§ **Task requirements**:
Would you print the records below from the first line through the line containing "Bug Out! by Ginjer L. Clarke", skipping the pictures?

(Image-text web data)

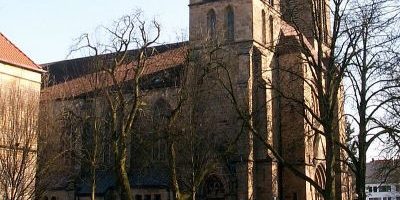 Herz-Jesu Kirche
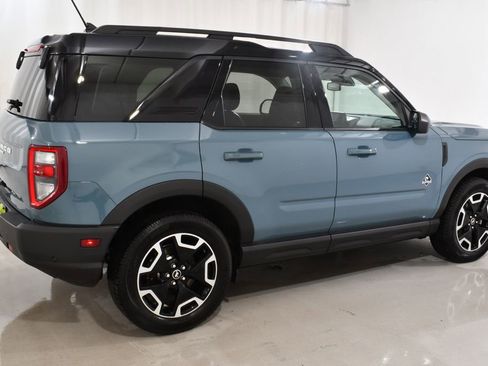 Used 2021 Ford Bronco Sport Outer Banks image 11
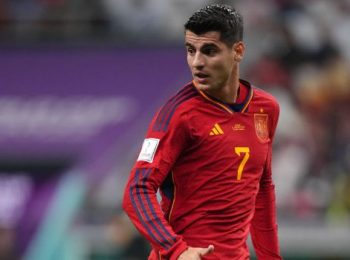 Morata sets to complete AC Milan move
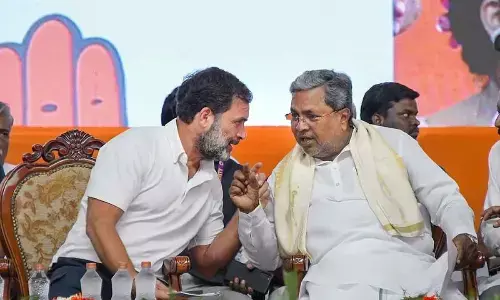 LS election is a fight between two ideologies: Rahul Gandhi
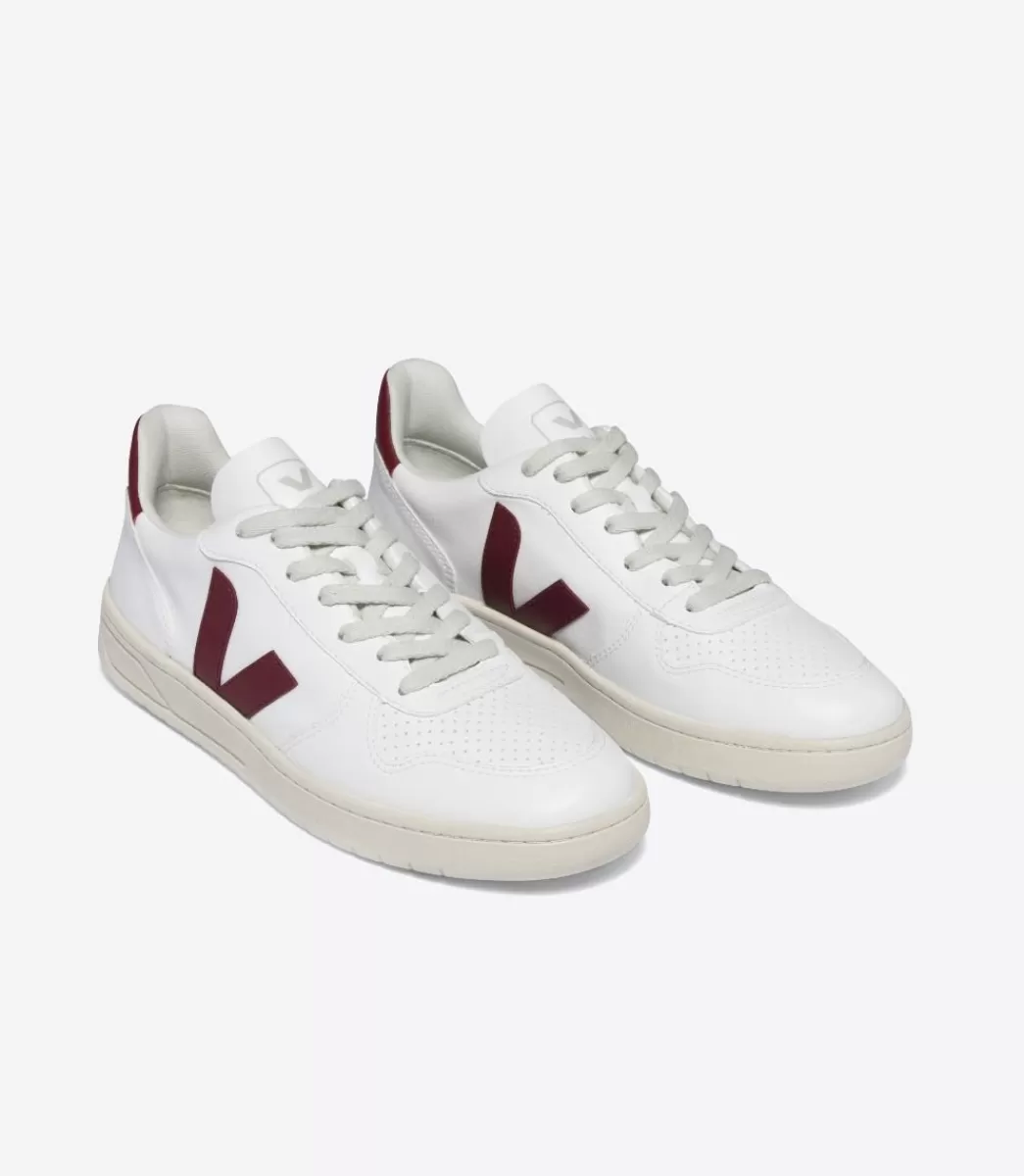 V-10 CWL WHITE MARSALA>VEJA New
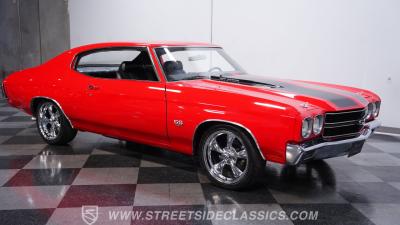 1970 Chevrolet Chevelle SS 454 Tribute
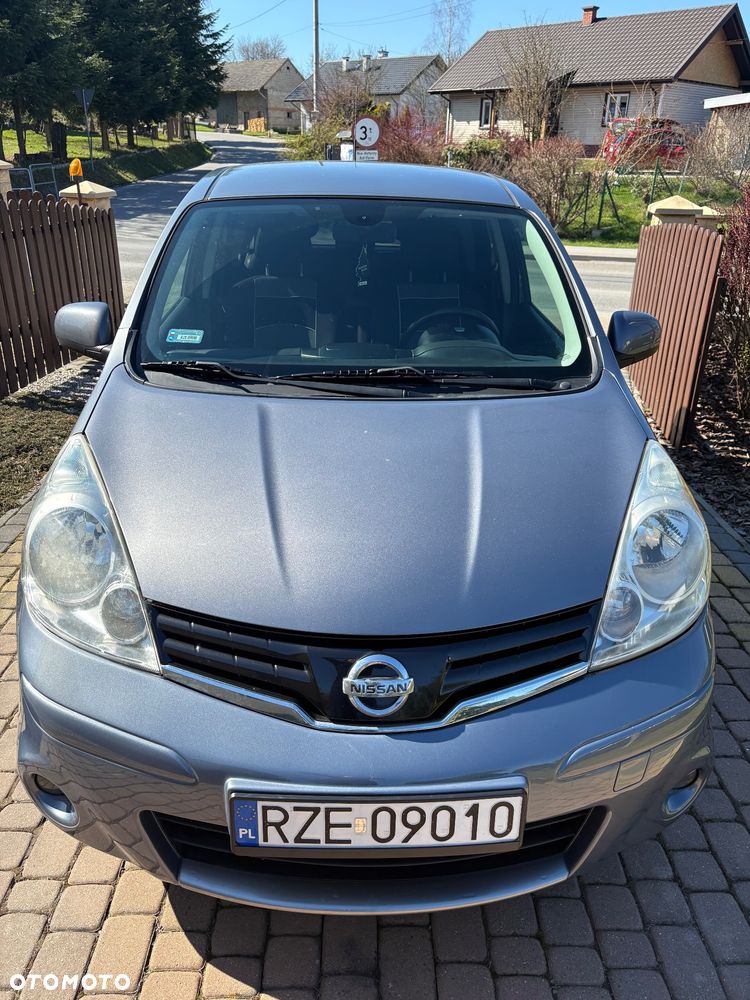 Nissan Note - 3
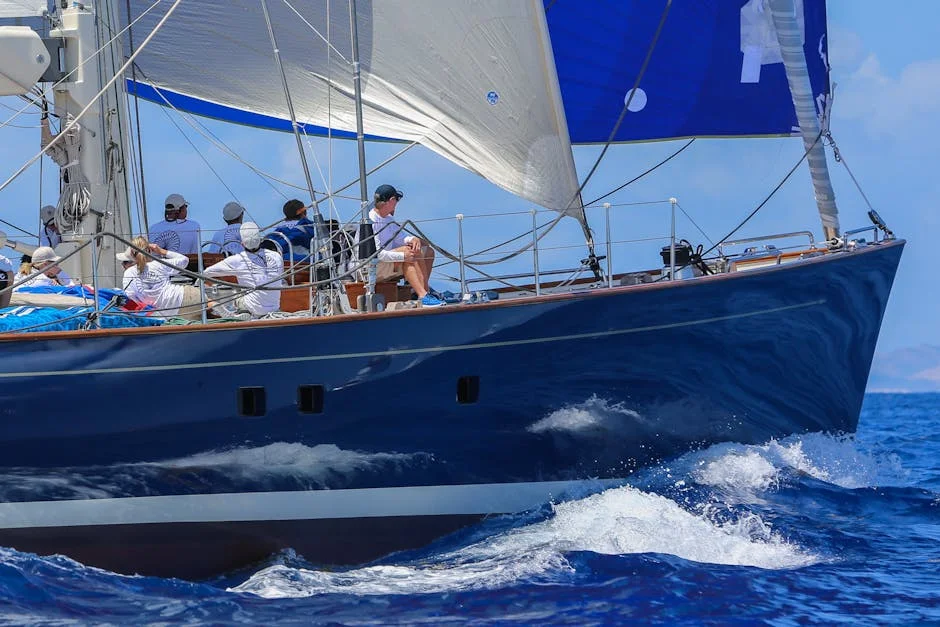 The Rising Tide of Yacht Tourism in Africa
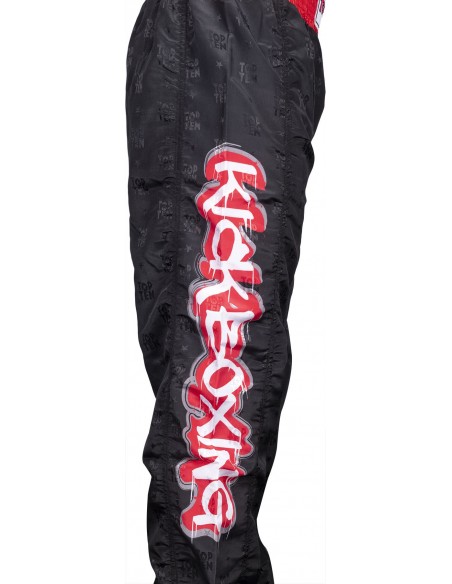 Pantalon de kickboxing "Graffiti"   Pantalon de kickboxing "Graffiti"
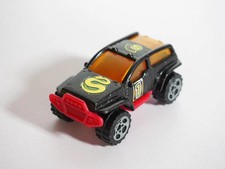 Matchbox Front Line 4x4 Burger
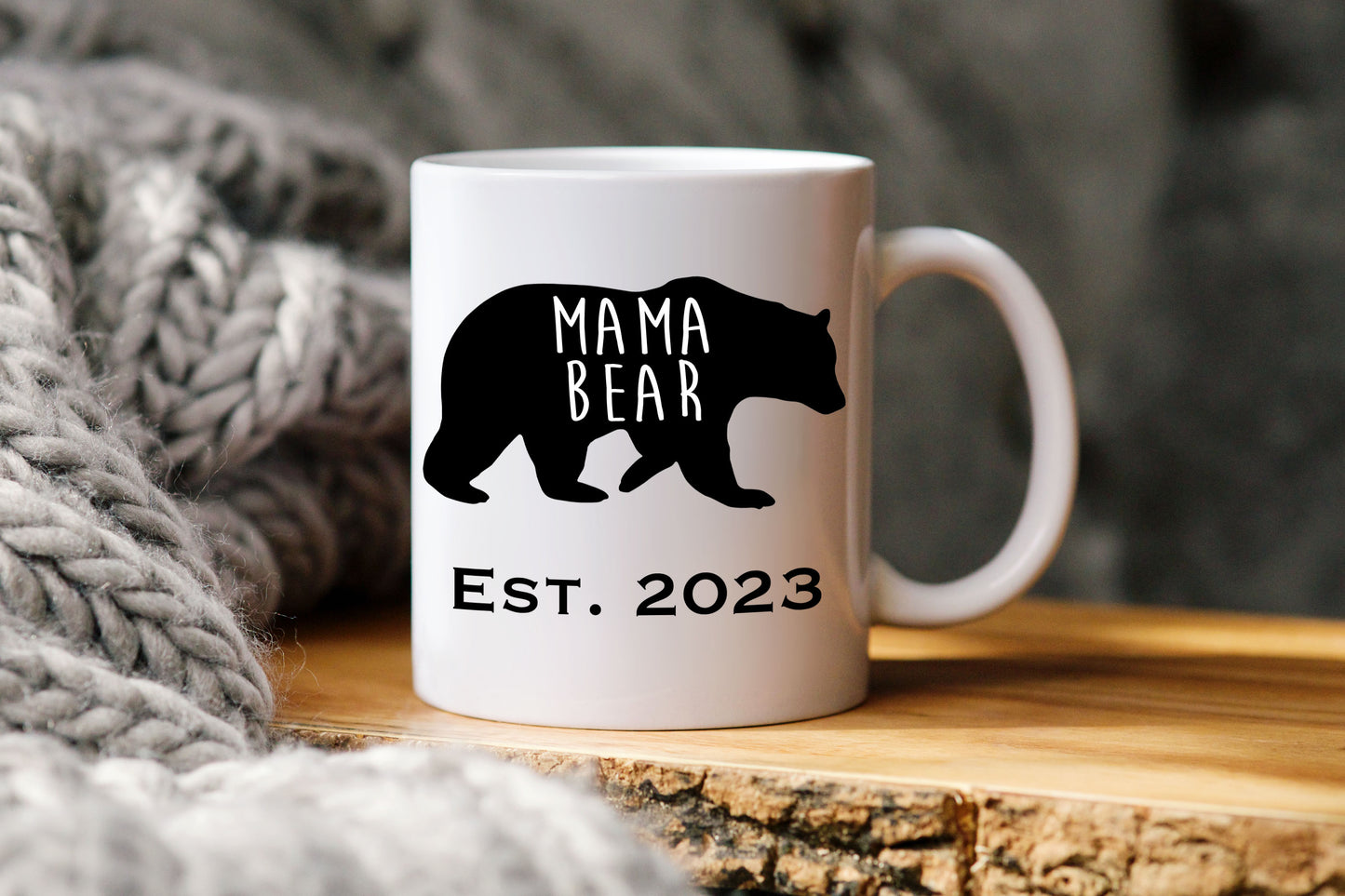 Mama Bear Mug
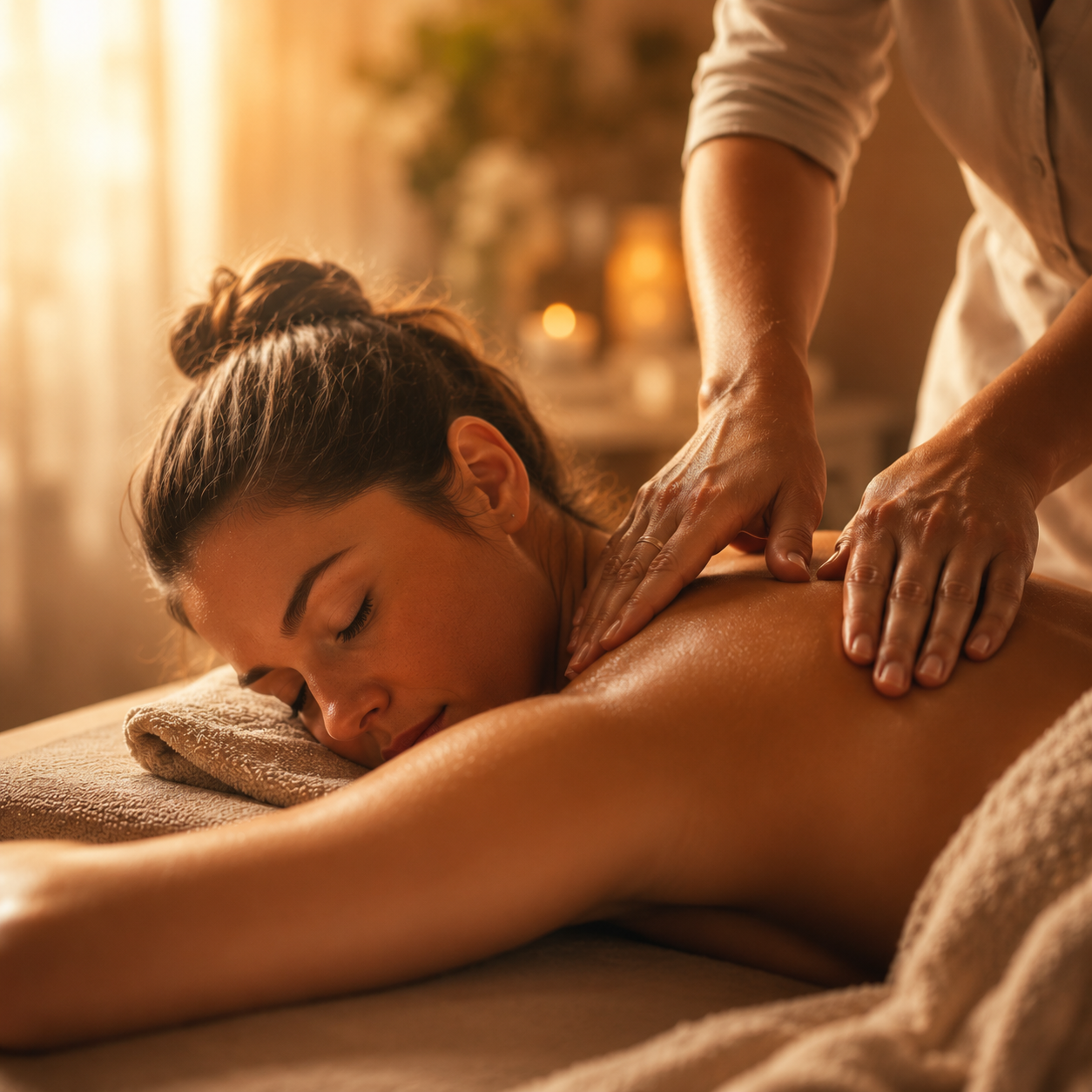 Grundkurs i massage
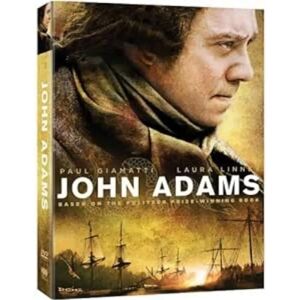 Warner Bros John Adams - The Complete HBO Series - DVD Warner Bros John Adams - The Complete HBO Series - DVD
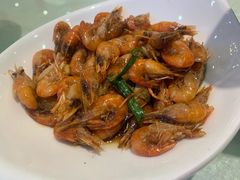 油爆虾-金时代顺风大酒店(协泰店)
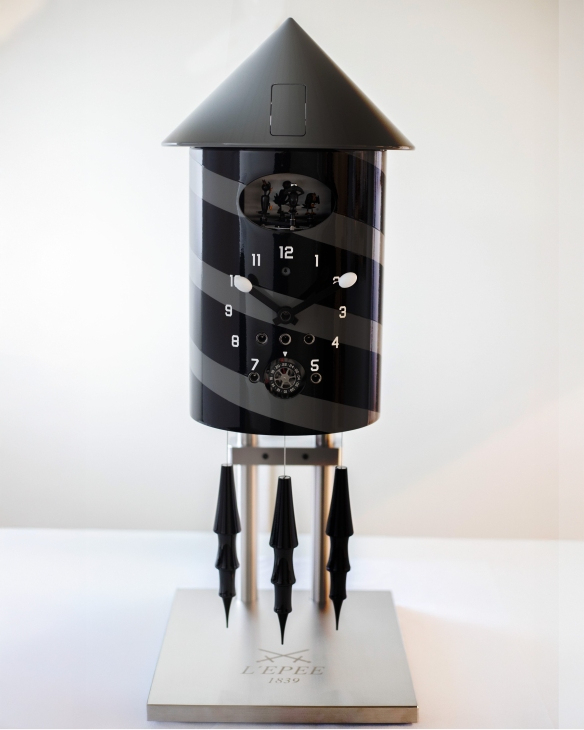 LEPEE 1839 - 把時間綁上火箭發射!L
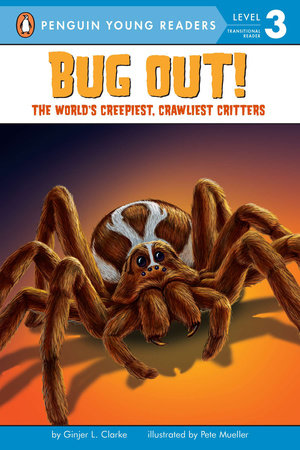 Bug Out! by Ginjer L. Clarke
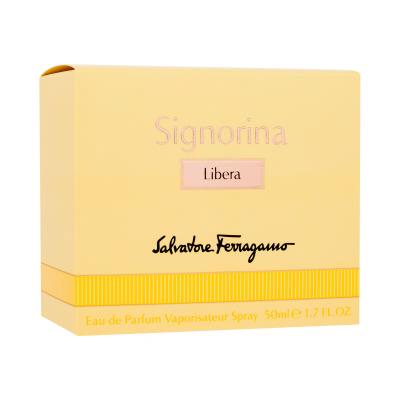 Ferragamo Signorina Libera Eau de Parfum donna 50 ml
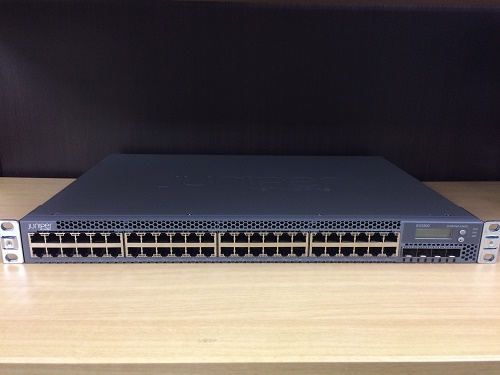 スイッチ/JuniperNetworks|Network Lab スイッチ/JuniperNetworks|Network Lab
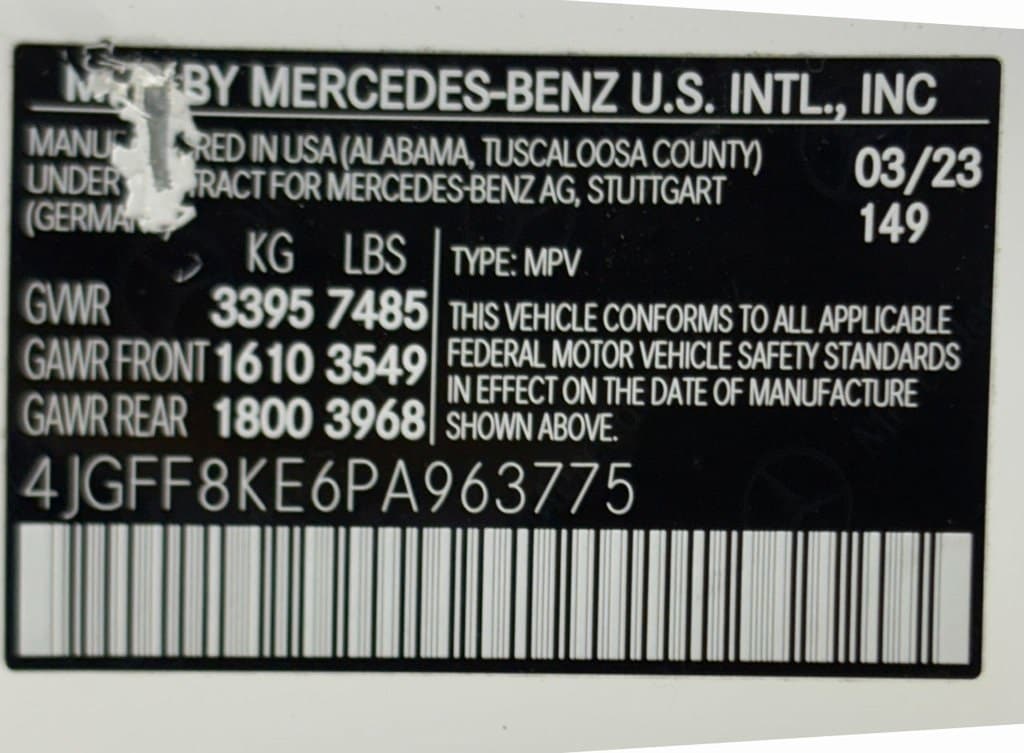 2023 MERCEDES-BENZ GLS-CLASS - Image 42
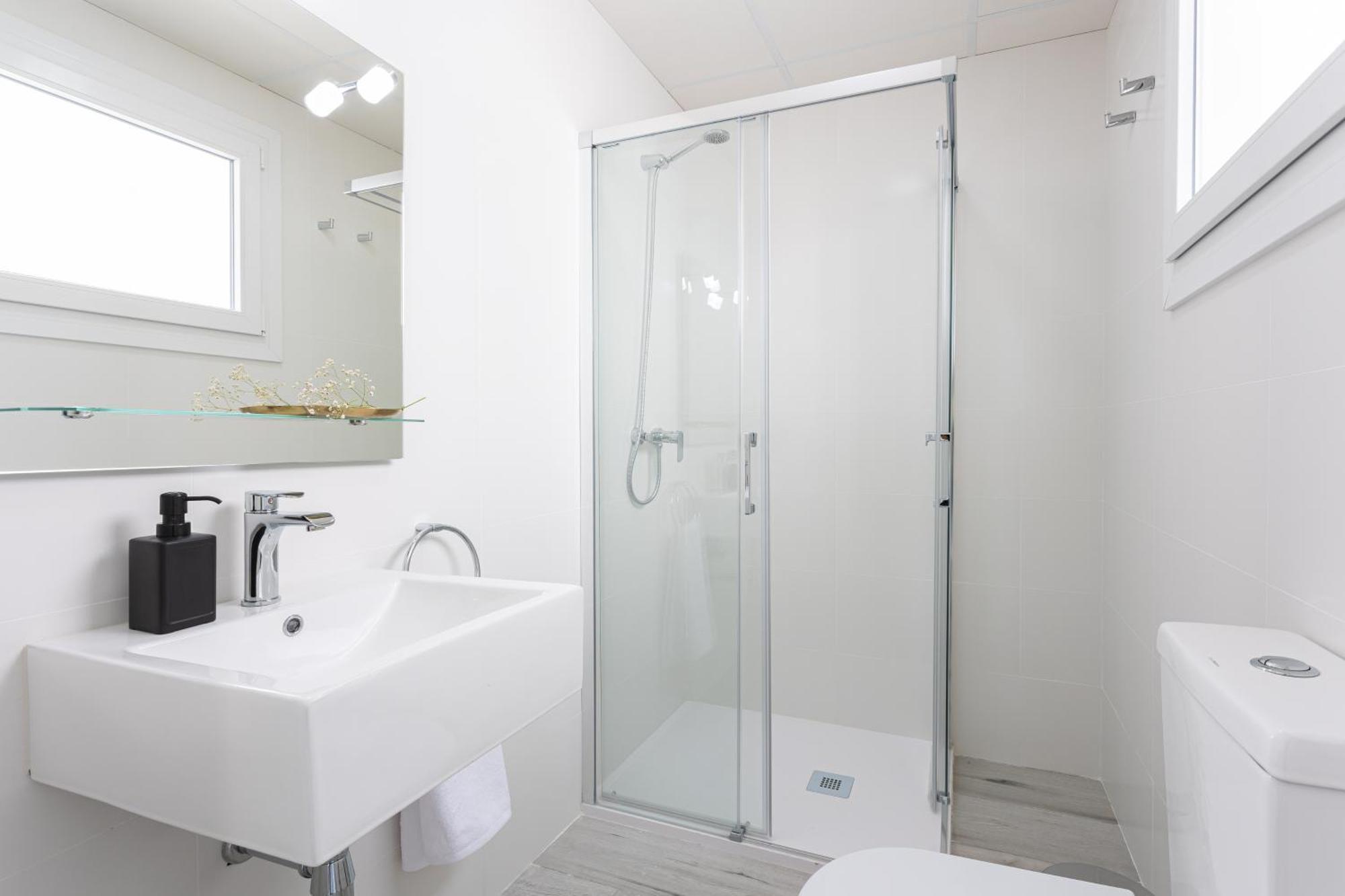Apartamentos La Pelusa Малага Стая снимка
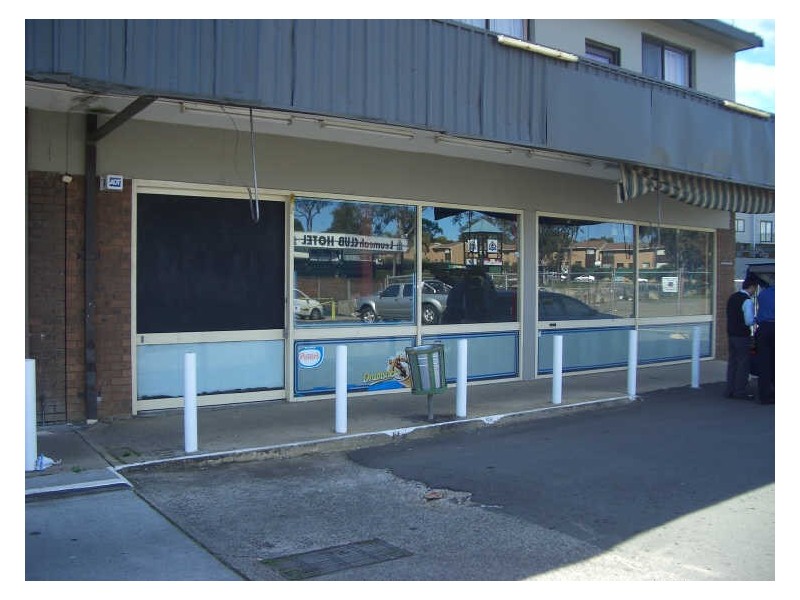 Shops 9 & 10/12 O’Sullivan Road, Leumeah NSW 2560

§ **Result**:
 Herz-Jesu Kirche
 Used 2021 Ford Bronco Sport Outer Banks image 11
 Morata sets to complete AC Milan move
 LS election is a fight between two ideologies: Rahul Gandhi
 V-10 CWL WHITE MARSALA>VEJA New
 1970 Chevrolet Chevelle SS 454 Tribute
 Nissan Note - 3
 The Rising Tide of Yacht Tourism in Africa
 Pantalon de kickboxing "Graffiti"   Pantalon de kickboxing "Graffiti"
 Matchbox Front Line 4x4 Burger
 Mama Bear Mug
 Grundkurs i massage
 Warner Bros John Adams - The Complete HBO Series - DVD Warner Bros John Adams - The Complete HBO Series - DVD
 油爆虾-金时代顺风大酒店(协泰店)
 LEPEE 1839 - 把時間綁上火箭發射!L
 Bug Out! by Ginjer L. Clarke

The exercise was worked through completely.